Step 3: The minimum value will be halfway between \left(\dfrac{1}{2}, 0 \right) and (-2,0):
\left( \dfrac{1}{2} - 2 \right) \div 2 = - \dfrac{3}{4}
So, the minimum value is at x = - \dfrac{3}{4}
Therefore, the minimum is
y = 2 \left(- \dfrac{3}{4} \right)^2 + 3 \left(- \dfrac{3}{4} \right) - 2 = - \dfrac{25}{8}
So, the graph has a minimum at the point \textcolor{red}{\left(- \dfrac{3}{4}, - \dfrac{25}{8} \right)}
Step 4: Sketch the graph (sketching doesn’t need to be to scale) and label all the important points.
Completing the Square to Sketch Graphs
You can complete the square to help sketch quadratic curves.
Example: Sketch the curve of y = 3x^2 - 12x + 7
Firstly, complete the square:
y = 3x^2 - 12x + 7 = 3(x-2)^2 - 5
When y=0,
\begin{aligned} 3(x-2)^2 - 5 &=0 \\ (x-2)^2 &= \dfrac{5}{3} \\ x - 2 &= \pm \sqrt{\dfrac{5}{3}} \\ x &= 2 \pm \dfrac{\sqrt{15}}{3} \end{aligned}
So, the curve crosses the x-axis at \textcolor{red}{\left(2-\dfrac{\sqrt{15}}{3},0 \right)} and \textcolor{red}{\left(2+\dfrac{\sqrt{15}}{3},0 \right)}
When x=0,
y = 3(0)^2 - 12(0) + 7 = 7
So, the curve crosses the y-axis at \textcolor{red}{(0,7)}
(x-2)^2 \geq 0 (since a square number is never less than 0), therefore the minimum value occurs at x-2=0 \Rightarrow x = 2, and therefore the minimum is
y = 3(2-2)^2 - 5
So, the minimum is at the point \textcolor{red}{(2, -5)}
Then, you have enough information to sketch the graph.

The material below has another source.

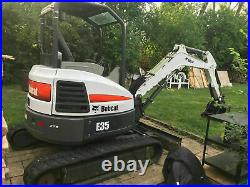 2014 Bobcat E35 Excavator 35hp Zts Zero Turn Swing Clamp Lights Radio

Note: You can read off the vertex of a graph from completed square form. The vertex of y=a(x+b)^{2}+c is always at (-b,c).

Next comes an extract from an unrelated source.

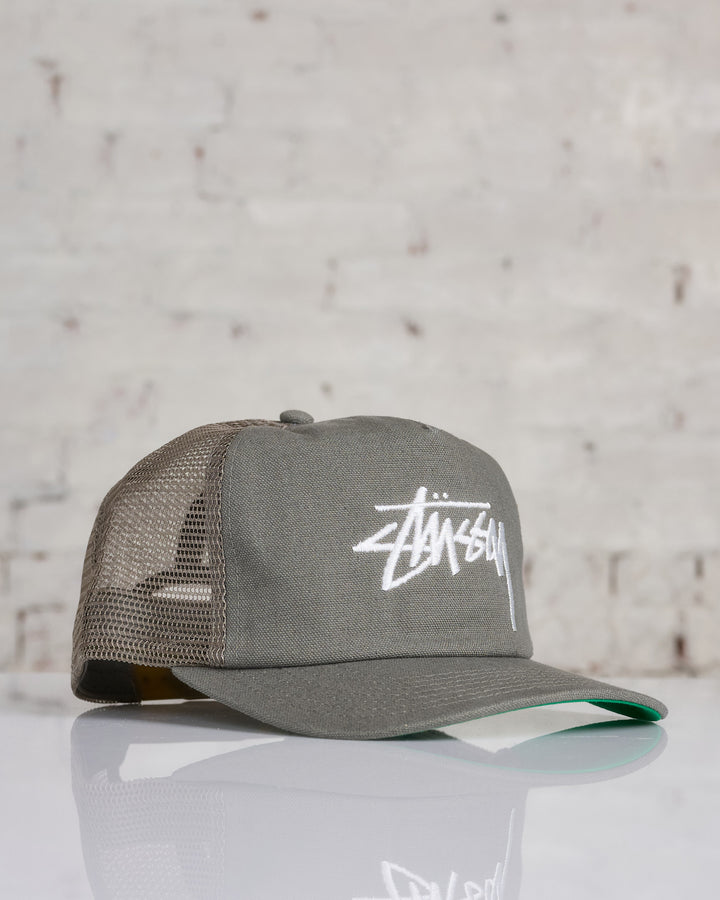 Stussy MD Big Stock Mesh Cap Army Green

Functions with no Real Roots
Some functions have no real roots – i.e. its graph doesn’t cross the x-axis. You can complete the square and use this to see if quadratics have real roots, or not.
Example: f(x) = x^2 + 2x + 6. Determine whether f(x) has any real roots.
Complete the square:
f(x) = x^2 + 2x + 6 = \textcolor{red}{(x+1)^2} + \textcolor{blue}{5}
\textcolor{red}{(x+1)^2} is never less than 0, therefore the minimum of the curve of f(x) is at \textcolor{blue}{5}.
Hence, f(x) cannot be negative and will not cross the x-axis at any point.
Therefore, f(x) has no real roots.
Note: If the coefficient of x^2 is negative, you can do a similar thing to see if f(x) has real roots, by checking if f(x) is ever positive.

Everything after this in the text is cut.